Installation
Hackiki is tricky, but not impossible, to install properly. If you don't want to install a Hackiki instance yourself, the author may be willing to host it here (for a small fee); email him at Richards@codu.org to inquire. If there is interest, he may also be willing to create ready-to-run VM installations of Hackiki.
Automated installation
The process of setting up Hackiki is (mostly) automated in a script available as part of Hackiki, http://codu.org/projects/hackiki/hg/index.cgi/raw-file/tip/lib/installhackiki.sh . This script has been tested on Debian and OpenSUSE, and should work on any GNU/Linux distribution. Run the script as root (sorry, only root can chroot!). It will set up /var/chroots/hackiki as a Hackiki chroot. You must then set up your firewall, as per instruction 2 in the manual installation instructions. You may configure Hackiki further within the chroot, by first running the following command to get into the chroot:
chroot /var/chroots/hackiki su - www-data
Then editing the relevant configuration files, in particular /etc/lighttpd/lighttpd.conf and /var/www/lib/config.php . You may also want to replace the empty Hackiki filesystem with the template filesystem, as per the end of the manual installation instructions below.
Manual installation
To create a Hackiki instance:
1) You will need a debootstrap-created chroot to run Hackiki in, unless you want to (potentially) expose the host system. This is technically optional. All the following instructions assume you've already done this. Assuming you have debootstrap installed, this goes something like this:
debootstrap lenny [directory to create]
You may have more luck with plash if you replace squeeze with lenny, but it should work either way. For those unversed in chroots, you will have to do the following for the chroot to work properly (assuming /var/chroots/hackiki as the chroot directory):
mount -o bind /dev /var/chroots/hackiki/dev mount -o bind /proc /var/chroots/hackiki/proc mount -o bind /sys /var/chroots/hackiki/sys
Then, to switch into the chroot, use the following command as root:
chroot /var/chroots/hackiki su -
2) In the host system firewall, block processes with high UIDs from accessing the network. This is to prevent plash processes specifically. If you're using shorewall, add this to your /etc/shorewall/rules:
REJECT $FW net all - - - - 5500:2147483647
3) Install plash, lighthttpd (or apache), php5-cgi and mercurial in the chroot. Install the pcntl extension for PHP. If you want to use OpenID authentication, you will also need to install php-openid.

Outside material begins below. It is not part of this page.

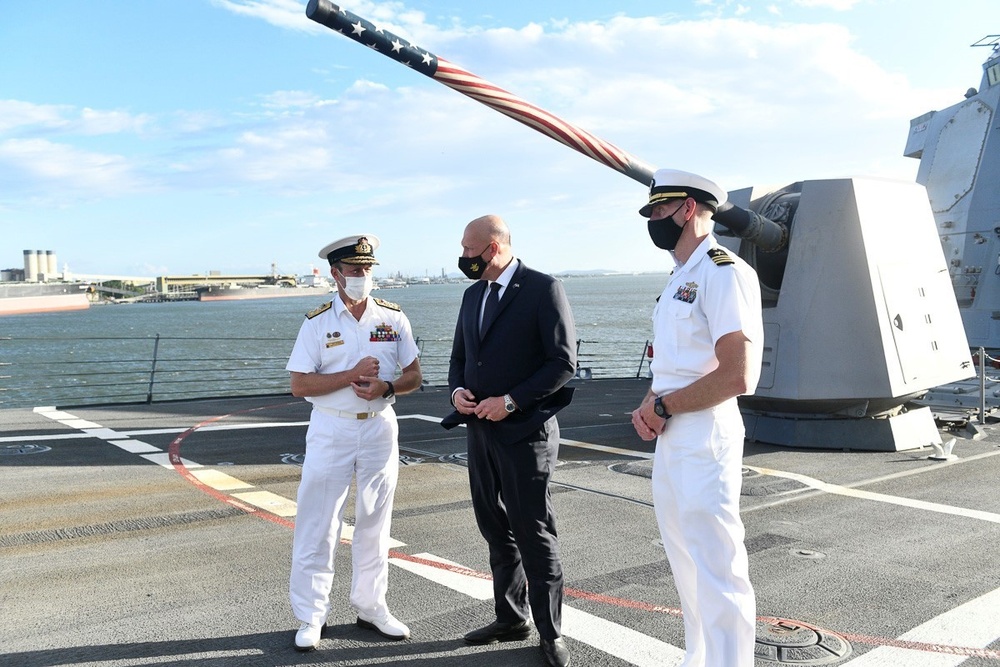 Australia Minister of Defence Visits Sampson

4) Configure lighttpd. If you want it to run on a port other than 80, configure that. Enable cgi, fastcgi, rewrite and PHP (via fastcgi):
$ lighttpd-enable-mod cgi fastcgi
Add the following to make Hackiki happy:
$HTTP["url"] =~ "^/lib" {
url.access-deny = ("")
}
$HTTP["url"] =~ "^/.hg" {
url.access-deny = ("")
}
url.rewrite-once = ( "^/wiki(.*)" => "/wiki.php$1",
"^/fs(.*)" => "/cgi-bin/fshg.cgi$1" )You may also want to configure lighttpd to use a different user than www-data. However, the rest of this installation guide assumes that you have not.
5) As www-data:
rm -f /var/www/* hg clone https://codu.org/projects/hackiki/hg/ /var/www/hackiki mv /var/www/hackiki/* /var/www/hackiki/.hg /var/www/ rmdir /var/www/hackiki
6) Edit the Hackiki configuration, if you'd like (/var/www/lib/config.php)
7) As www-data, create the hackiki configuration directory:
su -c "mkdir -p /var/lib/hackiki; chown www-data:www-data /var/lib/hackiki" cp /var/www/lib/limits /var/lib/hackiki/limits hg init /var/lib/hackiki/fs
8) Install hgweb.cgi to /var/www/cgi-bin/fshg.cgi , referring to the /var/lib/hackiki/fs Mercurial repository (see the Mercurial documentation on how to do this)
9) Visit http://[yoursite]:[yourport]/wiki/ , and you should get ... well, nothing useful. But if you visit http://[yoursite]:[yourport]/wiki/edit/bin/index , you can create your index script. If you'd like, you can replace the FS created above with a clone of the FS used for the Hackiki template at http://template.hackiki.org/ to start from something more substantial:
rm -rf /var/lib/hackiki/fs hg clone http://template.hackiki.org/fs/ /var/lib/hackiki/fs
Note that template.hackiki.org is configured through etc/permissions to allow no edits, so you will need to change or remove etc/permissions from the command line before you can do anything from Hackiki.